The number of griffon vultures roosting in Eastern Rhodopes continues to grow

The number of griffon vultures in the Eastern Rhodopes continues to grow, shows the annual census of griffon vultures on the Balkan Peninsula. This year, 184 griffon vultures were counted along Arda River in Rhodope Mountains rewilding area, home of the largest colony of griffon vultures in Bulgaria. Last year there were 178 griffon vultures registered. This year number is the highest registered during the annual roost count in the Eastern Rhodopes since 2005.

Part of the rewilding team during the count.
Desislava Kostadinova / Rewilding Rhodopes

Since 2005, there is a roost count carried out on the Balkans.

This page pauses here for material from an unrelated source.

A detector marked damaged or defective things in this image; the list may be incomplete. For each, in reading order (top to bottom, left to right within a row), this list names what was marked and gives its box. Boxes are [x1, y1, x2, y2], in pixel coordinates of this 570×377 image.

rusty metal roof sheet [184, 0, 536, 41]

The traditional census is organized and coordinated by BSPB in partnership with environmental organizations from Bulgaria, Greece, Serbia and Macedonia.  The twelfth consecutive census this year was held on Saturday, November 19, 2016 and was carried out in Bulgaria by 32 experts and volunteers from Rewilding Rhodopes Foundation and the Bulgarian Society for the Protection of Birds (BSPB).

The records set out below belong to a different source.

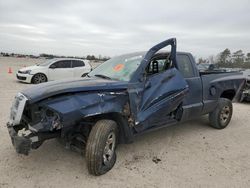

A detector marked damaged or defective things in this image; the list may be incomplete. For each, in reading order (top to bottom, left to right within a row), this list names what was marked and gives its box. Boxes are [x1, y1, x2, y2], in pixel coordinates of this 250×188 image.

crushed hood [22, 77, 129, 103]
damaged front end [7, 93, 60, 156]
detached front bumper [7, 122, 60, 155]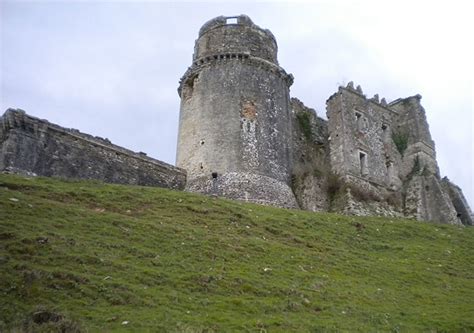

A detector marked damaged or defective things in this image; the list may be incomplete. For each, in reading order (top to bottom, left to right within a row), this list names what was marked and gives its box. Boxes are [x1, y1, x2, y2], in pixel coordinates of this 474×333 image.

broken parapet [0, 107, 187, 188]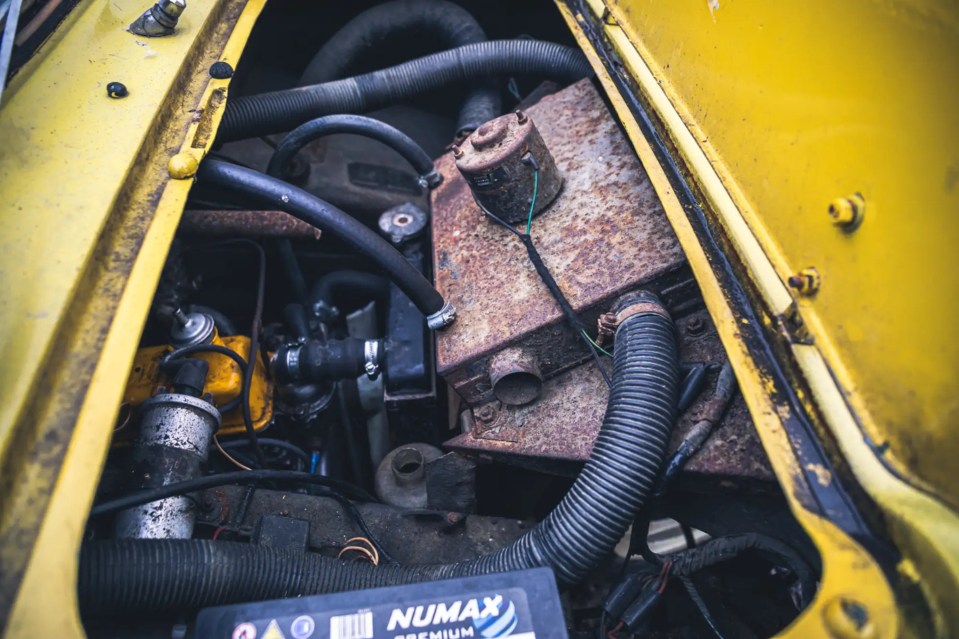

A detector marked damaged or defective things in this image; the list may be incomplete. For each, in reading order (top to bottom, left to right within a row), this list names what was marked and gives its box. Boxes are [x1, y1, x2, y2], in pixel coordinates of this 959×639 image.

rusted bolt [108, 82, 130, 99]
rusty engine component [452, 108, 564, 222]
rusted bolt [828, 194, 868, 231]
rusty engine component [432, 77, 768, 482]
rusted bolt [788, 268, 816, 298]
rusted bolt [688, 318, 708, 338]
rusted bolt [474, 404, 496, 424]
rusted bolt [820, 600, 872, 639]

Picture with all the participants in the annual monitoring.
Picture with all the participants in the annual monitoring.
Dobromir Dobrev / BSPB

The monitoring is usually carried out at the beginning of the winter season, when is the start of the vulture’s breeding season. It aims to determine the number and age structure of the species population living on the peninsula. We are still expecting census results for the rest of the Balkan countries – Greece, Serbia and Macedonia. Then the experts will be able to establish the status of the population in the region.

In Bulgaria, the annual monitoring also covers the Eastern Rhodopes, Stara Planina and Kresna Gorge. At some of the reintroduction sites, where other local NGOs work on the return of the species, an increase of the roosting vultures number was registered – a total of 123 roosting griffon vultures. This is a good increase as these places have seen 108 vultures last year.

The monitoring takes place in November – December, and the census is carried out within a single day. Teams are visiting all cliffs that have been identified as resting and breeding sites of the vultures. Every cliff face is monitored by one team from a minimum distance of 300 meters. Apart from the number and age of the vultures, the number of tagged individuals and their distinctive features – if present – are also noted. During the monitoring of vultures the number and age of other raptors sharing the cliffs for resting or roosting is also noted. The census starts in the early afternoon and ends a little bit after sunset. It spans over the whole period of daylight.